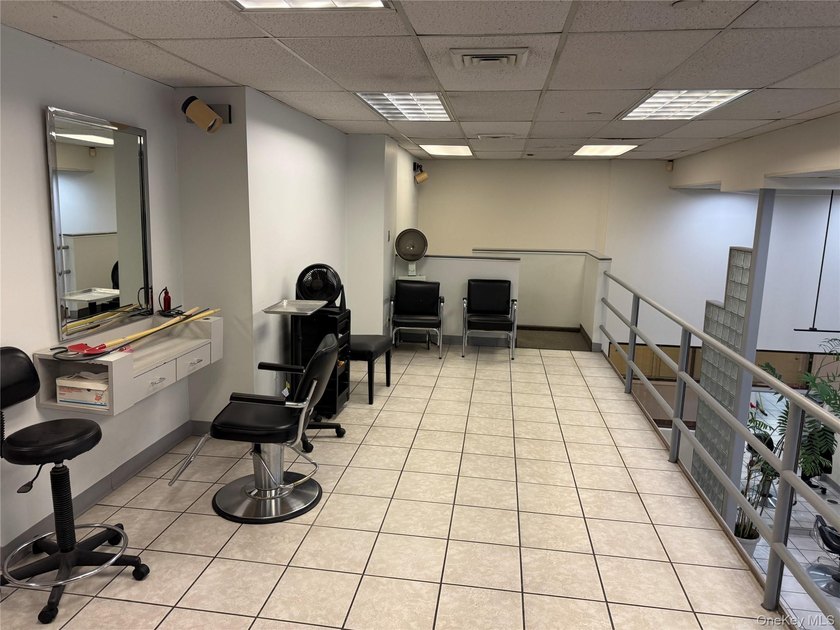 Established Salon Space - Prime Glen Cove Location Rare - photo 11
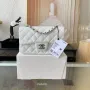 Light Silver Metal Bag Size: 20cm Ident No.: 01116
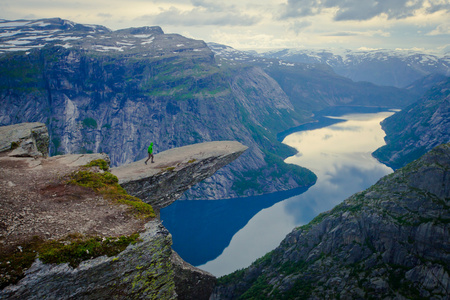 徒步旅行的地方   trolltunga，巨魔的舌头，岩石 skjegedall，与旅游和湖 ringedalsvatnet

...

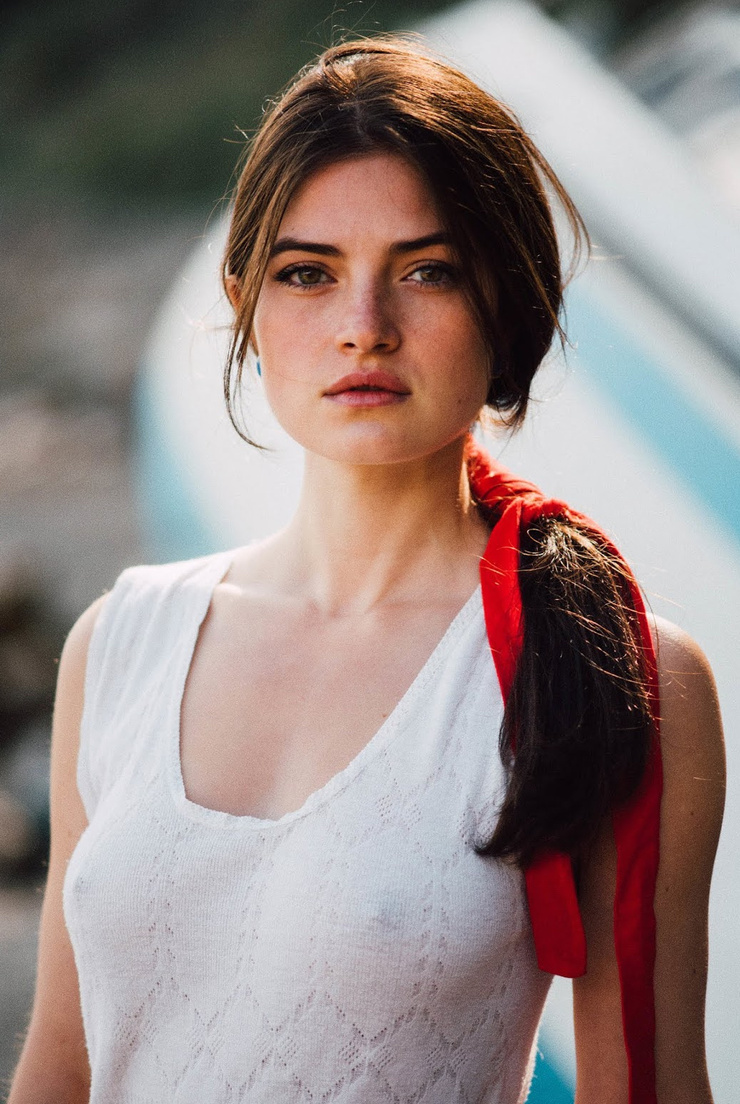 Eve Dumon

*Exercise description*
The expected output is the lines above from the one containing "Light Silver Metal" to the one containing "trolltunga，巨魔的舌头，岩石 skjegedall，与旅游和湖 ringedalsvatnet", both ends included, reproduced exactly with every picture left out.

*Expected answer*
 Light Silver Metal Bag Size: 20cm Ident No.: 01116
 徒步旅行的地方   trolltunga，巨魔的舌头，岩石 skjegedall，与旅游和湖 ringedalsvatnet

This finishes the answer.